Su voz es rarísima, tan aguda que por breves momentos se puede confundir con una voz femenina arrabalera, todo lo contrario de la impostación engolosinada asociada a la práctica tanguera más reciente. Es emotiva, sí, por supuesto, pero sin ese tipo de pornografía de la emoción que consiste en romper todas las vestiduras espirituales rumbo al clímax para mendigar el aplauso (cuanto más ridículamente poseído el cantante, más se supone que aplaude el público). No, aquí la emoción vibra con un sinfín de matices, pero no se impone. La belleza está para descubrirse en la supuesta fealdad de esa voz frágil pero infalible, así como en el sonido rústico de su guitarra. La vitalidad viene primero, y siempre se asocia a un componente bailable, a un swing descomunal. Mastra era zurdo y tocaba sin invertir las cuerdas: así que pulsaba los bajos con los dedos índice y medio, y las melodías con la ayuda del pulgar. La extrañeza de su técnica deriva en parte de eso. Pero aun si tocara “derecho” sería llamativa su guitarra, la levedad de su canyengue, la habilidad y contundencia con que ejecuta los ritornelos instrumentales (algunos bien complejos, como en “Compermiso”). Hay que oír cómo varía las sonoridades y los tiempos en “Potrerito”, y el sentido musical, el dominio, con que conduce la transición entre los distintos ritmos y timbres. Se trata de cambios estructurales, con algo de intempestivo, que no se deja confundir con el rubato exagerado habitual en el tanguismo de una generación posterior. Y las letras: “Comer, en nuestra tristeza saber, matar las tristezas/ tener, seis cuerdas de amarras/ y en una guitarra amarrar el dolor”.
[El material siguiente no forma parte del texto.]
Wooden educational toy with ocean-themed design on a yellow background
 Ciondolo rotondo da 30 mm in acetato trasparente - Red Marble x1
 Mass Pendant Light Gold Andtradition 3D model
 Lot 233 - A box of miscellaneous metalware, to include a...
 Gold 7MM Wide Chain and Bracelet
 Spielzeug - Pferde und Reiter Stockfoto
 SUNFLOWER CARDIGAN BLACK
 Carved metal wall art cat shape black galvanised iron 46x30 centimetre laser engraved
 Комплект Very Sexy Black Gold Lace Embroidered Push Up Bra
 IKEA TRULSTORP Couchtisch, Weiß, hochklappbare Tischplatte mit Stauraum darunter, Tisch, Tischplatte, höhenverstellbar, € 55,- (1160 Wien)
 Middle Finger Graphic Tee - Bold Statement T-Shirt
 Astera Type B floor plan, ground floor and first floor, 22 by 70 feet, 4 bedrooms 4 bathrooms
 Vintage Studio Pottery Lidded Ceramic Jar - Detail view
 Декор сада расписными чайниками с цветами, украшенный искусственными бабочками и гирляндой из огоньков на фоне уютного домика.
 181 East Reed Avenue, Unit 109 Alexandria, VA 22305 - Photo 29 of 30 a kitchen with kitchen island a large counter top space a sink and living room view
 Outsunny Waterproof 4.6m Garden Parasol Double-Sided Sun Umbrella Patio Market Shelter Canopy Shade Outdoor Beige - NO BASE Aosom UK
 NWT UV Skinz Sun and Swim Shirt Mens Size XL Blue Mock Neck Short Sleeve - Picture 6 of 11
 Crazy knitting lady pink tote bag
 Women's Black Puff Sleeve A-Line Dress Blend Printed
Vengo hablando de “tango”, pero es una simplificación. Esta lujosa edición es parte de la muy fructífera cooperación entre el sello Sondor (el más antiguo de los sellos musicales uruguayos) y el Departamento de Musicología de la Escuela Universitaria de Música. Viene acompañada de un librillo de 40 páginas en el que la musicóloga Marita Fornaro, además de concisos apuntes biográficos y analíticos, da cuenta de ese lugar genérico particular de músicos como Mastra: “musiqueros” formados en ese cruce de práctica folclórica y actividad profesional urbana, que tenían como escenarios los mercados y almacenes, pero luego llegaron a las radios y al disco, sin privarse de incorporar elementos de la música internacional que llegaba (foxtrot, bolero) o que ellos mismos agarraron en múltiples giras internacionales. Mastra vivió alternando entre Buenos Aires y Montevideo, amén del enorme porcentaje de su vida que fue itinerante. Varias de sus canciones son estándares para una generación de personas mayores. Hubo un quiebre, sin embargo, y los jóvenes casi que dejaron de escucharlo a partir de los años sesenta. Un importante puente para su recuperación fue la versión del Canario Luna de “No la quiero más” (1986). Su música viene siendo revalorizada, sin embargo, y ya entra en la agenda de un grupo como el Cuarteto Ricacosa. Este disco incluye milongas, candombes, “canciones” que se parecen a boleros, algún tango, un vals, una huella.
Los primeros nueve surcos son el LP de Mastra de 1956. Sigue una selección de una grabación en vivo realizada en Joventango en 1991 en la que Lágrima Ríos, Óscar Nelson, Roberto Maira, Mario Díaz y Ruben Salhon hacen canciones de autoría de Mastra (valen como un registro de ellas, pero no llegan ni cerca al valor interpretativo del propio Mastra). Y concluye con una grabación al parecer previamente inédita del Trío Mastra (el propio junto a Lía Méndez y Hugo Danel) que, aun con su pobre calidad de sonido, deja en claro por qué ese trío recorrió con éxito América y Europa.
El librillo viene ilustrado además con fotos y recortes de diarios. Entre otras cosas reproduce a pleno color algunas de las obras plásticas artesanales de Mastra (sus encantadores “tangos embotellados”).
1. Itinerarios. Sondor/Eum/Csic/Cure, 8.377-2, 2014.